Un silencio casi sepulcral se hizo presente, Zoro intentó animar un poco a su amigo, no permitiría que nada malo le pasara, ni a él, ni a Mihawk.

Finalmente y tras barajar de nuevo las cartas destaparon la suerte de Zoro… "El loco", soltó un pesado suspiro al verla. —Así que esa carta me perseguirá por siempre —exclamó en voz baja. Su segunda carta tirada fue "El juicio",

—no malinterpretes tu suerte, pronto llegará el momento en que tengas que enfrentar tu destino.

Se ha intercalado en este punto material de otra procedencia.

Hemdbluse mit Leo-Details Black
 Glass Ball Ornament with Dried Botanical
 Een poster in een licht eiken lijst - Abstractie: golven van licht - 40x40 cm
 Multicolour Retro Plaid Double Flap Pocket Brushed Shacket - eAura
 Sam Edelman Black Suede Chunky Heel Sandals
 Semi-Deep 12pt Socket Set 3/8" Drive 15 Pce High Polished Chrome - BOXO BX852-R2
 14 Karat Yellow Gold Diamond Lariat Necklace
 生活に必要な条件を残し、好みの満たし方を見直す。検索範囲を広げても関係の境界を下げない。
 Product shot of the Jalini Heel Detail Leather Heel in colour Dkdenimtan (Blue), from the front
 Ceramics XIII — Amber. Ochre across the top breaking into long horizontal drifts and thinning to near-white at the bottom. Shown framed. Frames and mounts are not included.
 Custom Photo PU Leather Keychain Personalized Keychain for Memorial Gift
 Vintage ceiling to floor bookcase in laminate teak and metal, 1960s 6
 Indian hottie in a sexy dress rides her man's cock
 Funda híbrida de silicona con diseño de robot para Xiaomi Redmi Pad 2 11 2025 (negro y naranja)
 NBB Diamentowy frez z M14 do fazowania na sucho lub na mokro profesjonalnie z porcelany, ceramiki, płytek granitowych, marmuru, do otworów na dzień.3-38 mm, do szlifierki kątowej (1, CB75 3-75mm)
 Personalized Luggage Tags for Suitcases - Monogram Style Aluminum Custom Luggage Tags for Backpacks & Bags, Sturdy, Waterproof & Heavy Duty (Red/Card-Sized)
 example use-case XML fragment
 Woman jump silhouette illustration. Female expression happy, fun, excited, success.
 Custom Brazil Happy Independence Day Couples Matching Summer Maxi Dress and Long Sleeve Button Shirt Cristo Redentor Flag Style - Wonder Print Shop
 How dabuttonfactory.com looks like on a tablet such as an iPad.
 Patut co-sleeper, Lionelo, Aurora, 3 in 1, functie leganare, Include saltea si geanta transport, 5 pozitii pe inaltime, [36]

Zoro soltó un suspiro, ahora recordaba el motivo por el cual siempre le afectaban las reuniones con Basil. Una y otra vez le salían las mismas cartas y su compañero contestaba exactamente lo mismo «llegará el momento».

«Sí, llegará el momento en que vuelva al psiquiátrico», pensó con sarcasmo.

Un hombre que ninguno de los presentes había visto se acercó hasta Basil con una pequeña nota, el médium le dio un vistazo rápido y soltó el aire con pesadez.

—Roronoa, hay un sitio donde necesito ir, por favor, acompáñame —el peli verde, se puso de pie y negó con las manos,

—¡no, no volveré a prestarte mi ayuda, cada vez que lo hago termino en problemas! —los demás observaron curiosos, ni siquiera Law había estado presente en algún trabajo de Basil,

—en una casa no muy lejos de aquí vive una mujer con su niña pequeña. Ahí habita un fantasma al que no he terminado de comprender, siempre que llego se niega a moverse o a hablar, permanece horas sentado en el mismo sitio, pero esta vez parece ser que atacó a la pequeña… su cuerpecito amaneció lleno de arañazos y temen que se vuelva más violento,

—para eso no necesitas mi ayuda —contestó el peli verde—, simplemente haz que se retire ¿no es el exorcismo tu especialidad?

—yo no soy un médium tan fuerte como tú, si no puedo saber la identidad del fantasma, me costará mucho más expulsarlo de la casa, necesito que te acerques e intentes dialogar con él antes de tomar la decisión,

—vamos Zoro, no puedes negarles tu ayuda —agregó Perona, Law también lo miró de reojo,

—no reprimas tu don, debes aprender a usarlo adecuadamente —insistió el rubio—, hazlo por esas dos mujeres que no pueden defenderse solas.

El peli verde, al sentir la mirada de todos sobre él, soltó un quejido resignado —de acuerdo, pero esta es la última vez,

Basil se puso en pie —entonces, andando.

Law y Perona parecían entusiasmados, ninguno de ellos habían presenciado la expulsión de un espíritu. Corazón, por su parte, no tenía muchos ánimos de asistir, sin embargo no tenía opción, seguiría a Law a donde él deseara ir sin oponer resistencia.